Google's new Chrome browser presents a privacy risk for consumers, the consumer advocacy group contends, because it sends information about users' searches "without users' full understanding, consent or control."
Chrome's Incognito mode, like Microsoft Internet Explorer 8 Beta 2's InPrivate mode and Apple Safari's Private Browsing mode, creates a window in which, as Google puts it, nothing "is ever logged on your computer."
Consumer Watchdog argues that Chrome's Incognito mode does not confer the privacy that the mode's name suggests and that Chrome's blurring of local and remote computing "creates confusion in the consumer's mind about the privacy and security of confidential information."
Chief among the group's complaints is Google Suggest, a feature found in Chrome and other Google applications like Google Toolbar. It is effectively a keystroke logger than sends every character typed to Google. Google uses this information to provide search suggestions that it refines with every subsequent letter.
Google doesn't see the harm in this. "Just as E.T. needs to phone home in order to get a spaceship to pick him up, Google Suggest needs to talk to Google while you type in order to offer suggestions to you," the company explains on its Web site. "Everything you type, though, is protected by Google's privacy policy."
Earlier this month, Consumer Watchdog in a letter urged the U.S. Department of Justice to reject Google's proposed advertising deal with Yahoo. The group cited the lack of user control over Google's data collection, particularly through Chrome, as the impetus for its opposition to the deal.
Now the organization wants the various State Attorneys General to force Google to let consumers choose to use its services anonymously.

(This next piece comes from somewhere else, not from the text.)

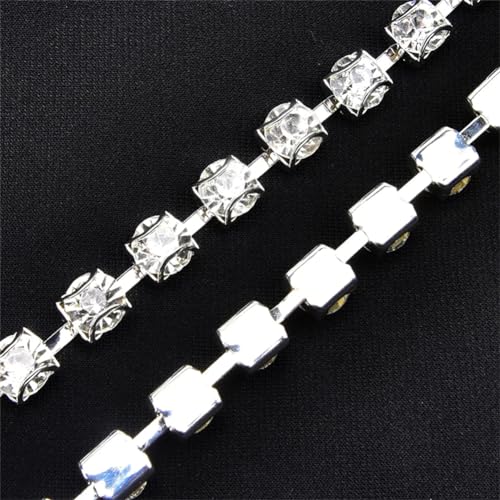 5 m lange Strass-Kette, silberfarbene Krallenbasis, Glas-Kristallbesatz, Nähband für Kleidung, transparent, SS20–5 mm, # 5 Meter von Vsadsau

"Google's role is now unprecedented because the Internet goliath is no longer merely collecting some data about how we search and surf the Web," said Consumer Watchdog president Jamie Court in a statement. "Its new browser and software are actually sending information from inside our computers to its servers. If Google won't solve its own privacy problems, the company must be prepared for regulators to put the brakes on its unprecedented growth. State Attorneys General need to take action to protect consumers' privacy and make sure that computer users have the ability to opt-out of Google's web and browse anonymously."